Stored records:
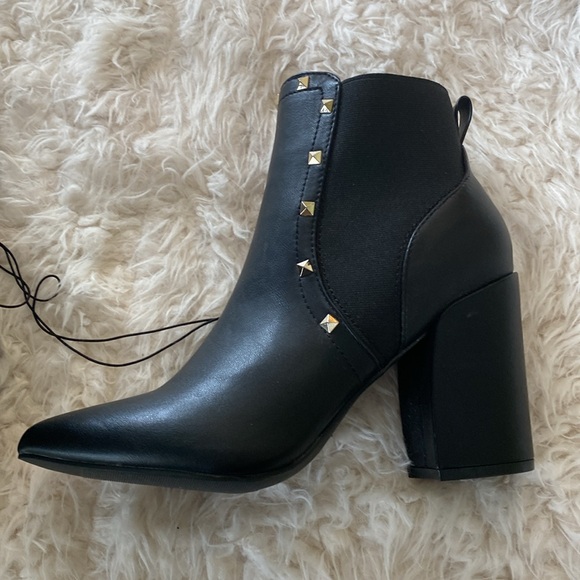 New Mari A. Black boots - Picture 3 of 8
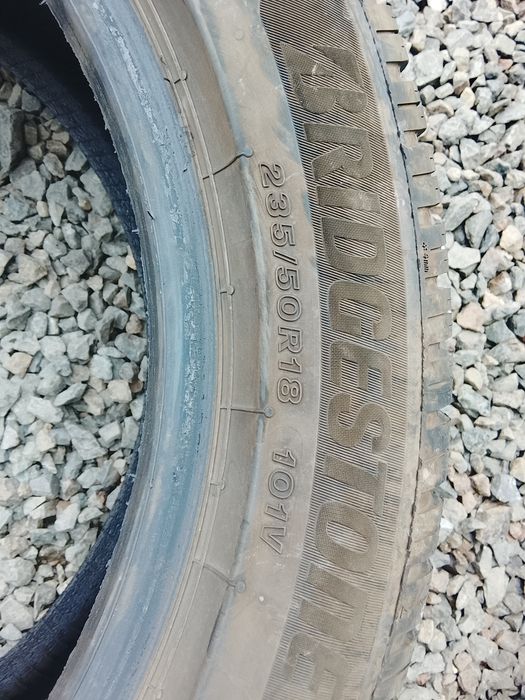 235 50 18. Bridgestone. An 2024
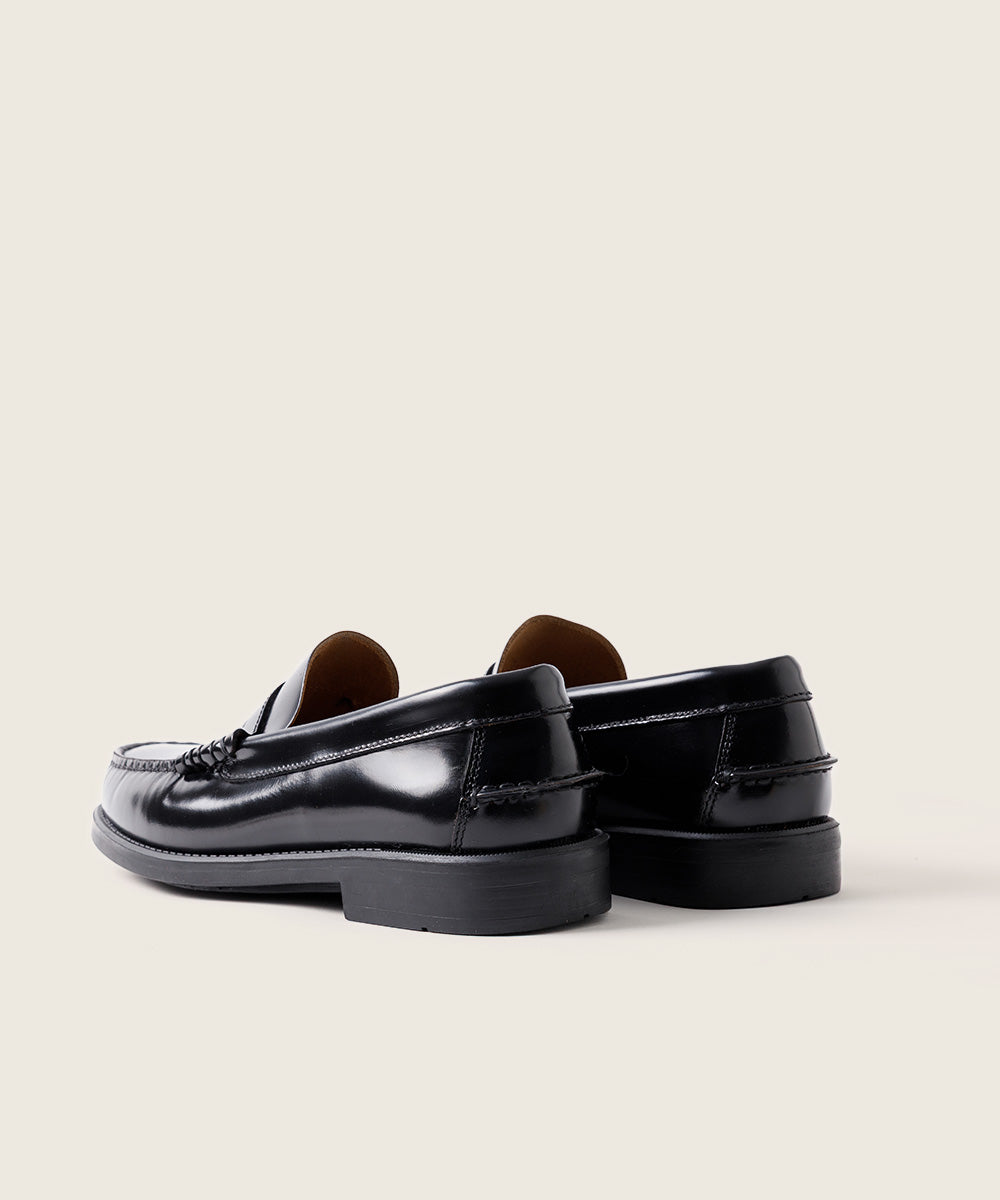 MOCASIN COSIDO A MANO NEGRO ANTIFAZ 100 PISO DE GOMA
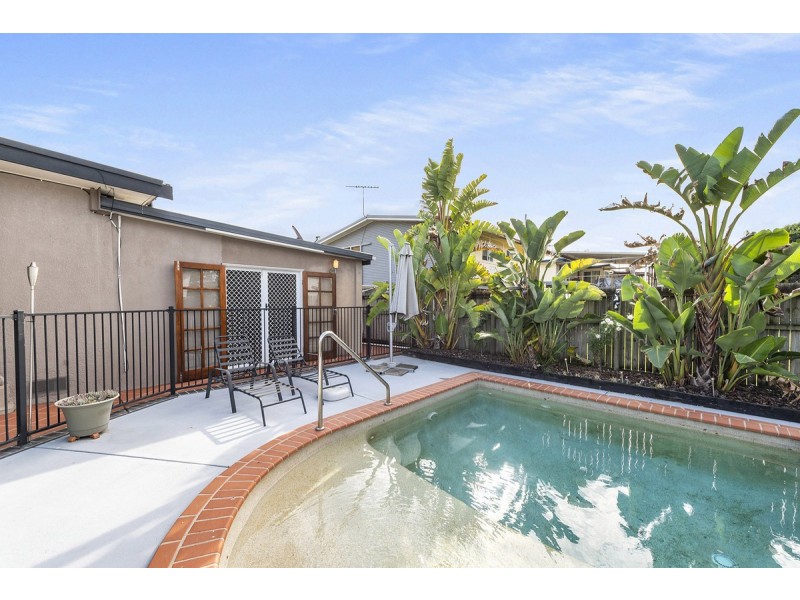 13 Ferguson Street, Albany Creek QLD 4035
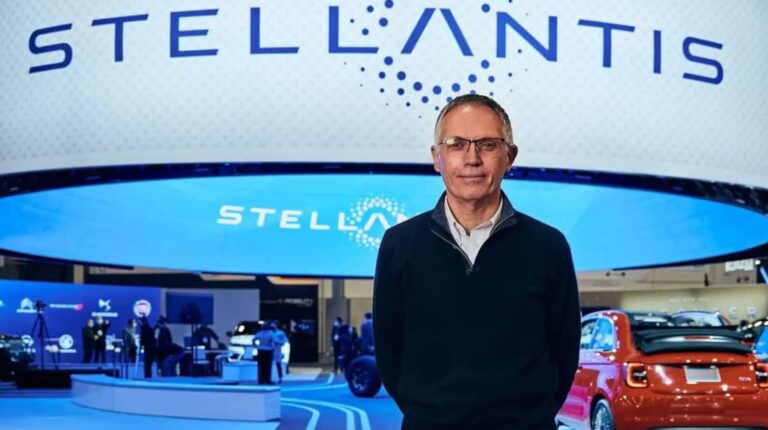 Ação da Stellantis cai 8,9% após saída de CEO Carlos Tavares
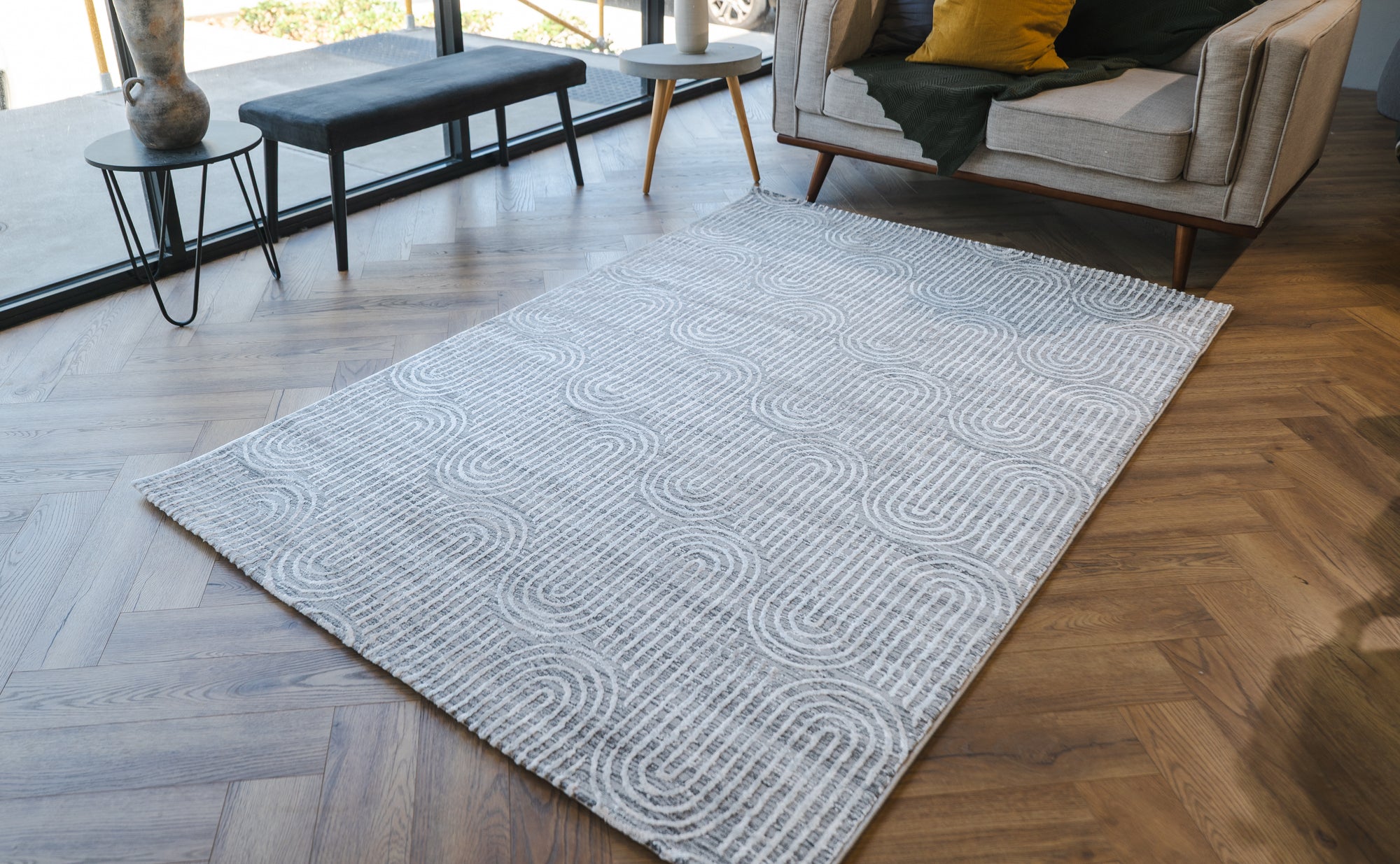 Deluxe modern arched grey beige floor rug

◆ EXERCISE ◆
Exact copy required, pictures excluded: the lines from the one holding "Ação da Stellantis" through the last line of the data, both ends included.

◆ WRITTEN SOLUTION ◆
 Ação da Stellantis cai 8,9% após saída de CEO Carlos Tavares
 Deluxe modern arched grey beige floor rug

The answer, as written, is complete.